Robert Greaves was an Oxford Don who followed his much younger American wife to a professorship at the University of Kansas. I was one of a handful of students who studied British Constitutional History under him. We'd sit around a conference table in the Spencer Library, discussing original source documents, and, thereby, piecing together the roots of British order and, thereby, the roots of American order.
Professor Greaves was a short, rotund, elderly gentleman with a cultured drawl, a ring of white hair surrounding a bald pate, and a pair of reading glasses embedded on the tip of his nose.

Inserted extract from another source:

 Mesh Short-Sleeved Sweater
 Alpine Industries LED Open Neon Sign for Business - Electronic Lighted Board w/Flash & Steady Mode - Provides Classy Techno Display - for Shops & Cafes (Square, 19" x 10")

Peering over those glasses, he would often interrupt a disquisition by fixing me with a bemused look and stating, "Now, let's hear from Doctor Funnell [he referred to all his students as 'Doctor') for the Irish perspective on this subject." The resulting dialogue customarily took a variation of the following form:
Dr. Funnell: Why would I have an Irish perspective, Professor?
Prof. Greaves: Why, the surname, Doctor Funnell. Of course, your family is Irish.
Dr. Funnell: I was born and raised in New York.
Prof. Greaves: There are more Irish in New York than Dublin.
Dr. Funnell: That may be, but I'm from upstate, not the city.
Prof. Greaves: The Irish always were a wandering lot. Come now, out with it. Give us the Irish perspective, but only in prose. No poetry or song.
I loved that class.
One of the things I remember clearly was his observation that the power of Irish persuasive ability lay partly in their gift of music and poetry, especially when applied to the subject of rebellion.
"Why," he said, "I listen to that music and want to grab a gun and shoot my family."
Karan Casey and Michael Mac Goldrick make me feel similarly, only it's not my family I want to shoot.
Not that anyone gives a tinker's damn.